(Excerpts from a dataset)
⟨

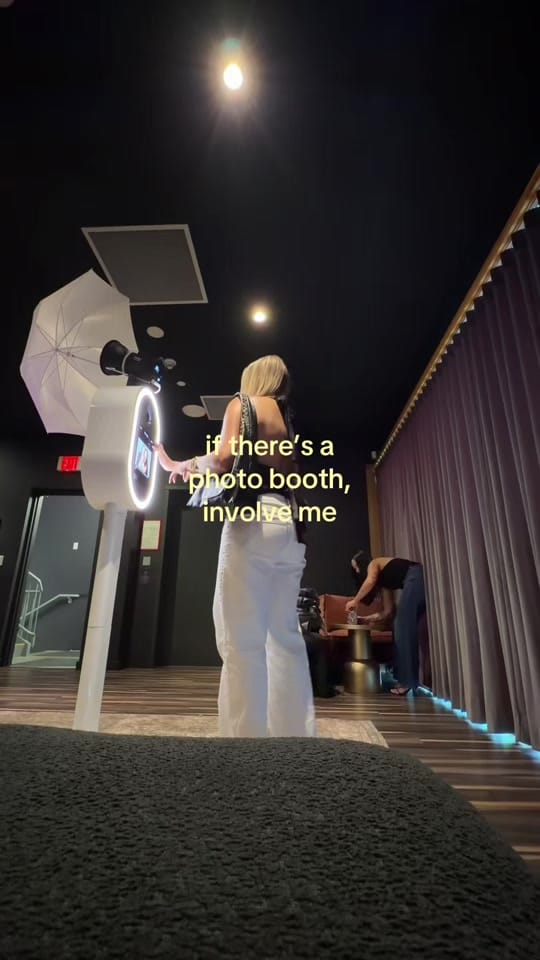 Post 10 by kaitlyn on TikTok (video)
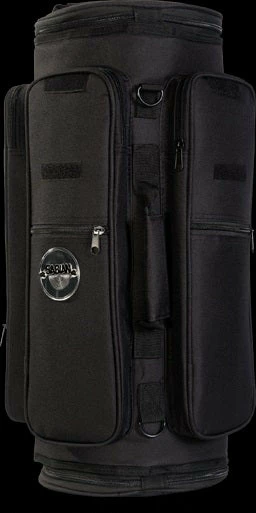 Discount ๐ Stick Bags SABIAN SSB362 SABIAN 362 Stick Bag ๐ 1 Stick Bags SABIAN SSB362 SABIAN 362 Stick Bag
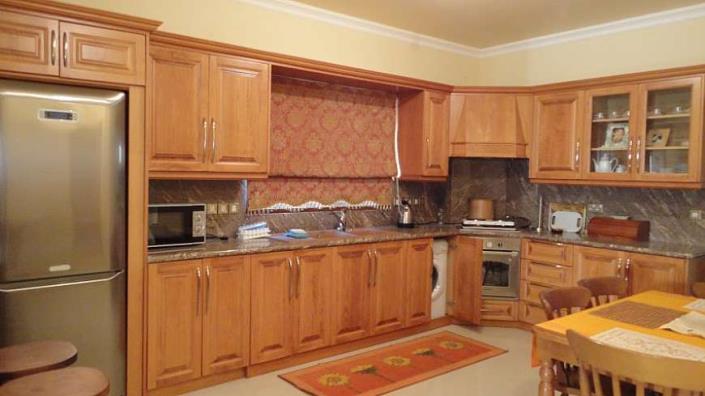 Image No.3-4 Bed Villa for sale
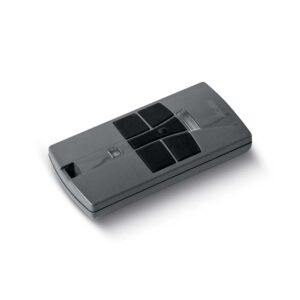 Radiocomando 2 canali COPRTRASTAC2KR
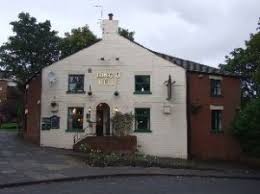 Write Out Loud Middleton at the Ring O' Bells tonight | Write Out Loud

⟩

## The problem
Return the records exactly. Don't carry the pictures over.

## Solution for this task
 Post 10 by kaitlyn on TikTok (video)
 Discount ๐ Stick Bags SABIAN SSB362 SABIAN 362 Stick Bag ๐ 1 Stick Bags SABIAN SSB362 SABIAN 362 Stick Bag
 Image No.3-4 Bed Villa for sale
 Radiocomando 2 canali COPRTRASTAC2KR
 Write Out Loud Middleton at the Ring O' Bells tonight | Write Out Loud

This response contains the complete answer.